March 20, 2017, 4:51 pm  english version Hungarian version  
The European Bank for Reconstruction and Development (EBRD) responded amicably to the amendment of the Judicial Enforcement Act by the Hungarian Parliament by which - to Portfolio’s best knowledge - the country has violated its agreement signed with the EBRD on 9 February 2015. The bank has now offered co-operation with Parliament.

In the Memorandum of Understanding signed with the EBRD and Erste Bank on 9 February 2015, the cabinet had pledged that "further restrictions on foreclosures and evictions to be eschewed and the scope of the existing programme aimed at purchasing the properties of troubled retail borrowers is to be expanded, while the eligibility criteria are to be relaxed."

According to our preliminary assessment, the recent legislation change means Budapest fails to honour the MoU.

Earlier this month, Parliament passed a law amendment that raised the reserve price of properties slated for auction, i.e. banned property to be sold under market value.

This is the first time the EBRD commented on the issue, and its tone was friendly. The statement it released said it will work together with Parliament to examine the possible impacts of the new law and identify ways to mitigate any potential negative consequences.

The consequences of the measure include the dragging out of auctions and harm being done to non-paying mortgage holders and thus their creditors. The single goal of the law amendment seems to be not to have the local press churning out reports about auctions of people’s homes. In view of that, the EBRD was particularly friendly with the cabinet.

Its statement goes like this:

The EBRD and the Hungarian authorities have agreed to set up a working group to analyse the impact on the banking sector of the recent amendment of the Judicial Enforcement Act by the country’s Parliament and to identify ways to mitigate any potential adverse consequences.

The Government of Hungary and the EBRD signed a Memorandum of Understanding in February 2015 aimed at strengthening the country’s financial sector, improving its level of efficiency and profitability as well as boosting lending.
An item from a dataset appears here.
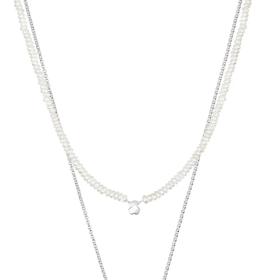 Víceřadý náhrdelník ze stříbra a umělých perel, Tous, 4 599 Kč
Facilitating access to finance is key to support economic growth.

Under the Memorandum the Government of Hungary pledged to "promote a stable and predictable framework to support macroeconomic stability." The successful implementation of the Memorandum had positive impacts on the development of the economy and strengthened the local banking sector.

The EBRD regards the creation and safeguarding of a stable business environment which allows the financial sector to serve the economy and consumers as critical for sustainable growth. The Bank is committed to continue its fruitful cooperation with the Hungarian authorities and institutions such as the Central Bank and the Banking Association.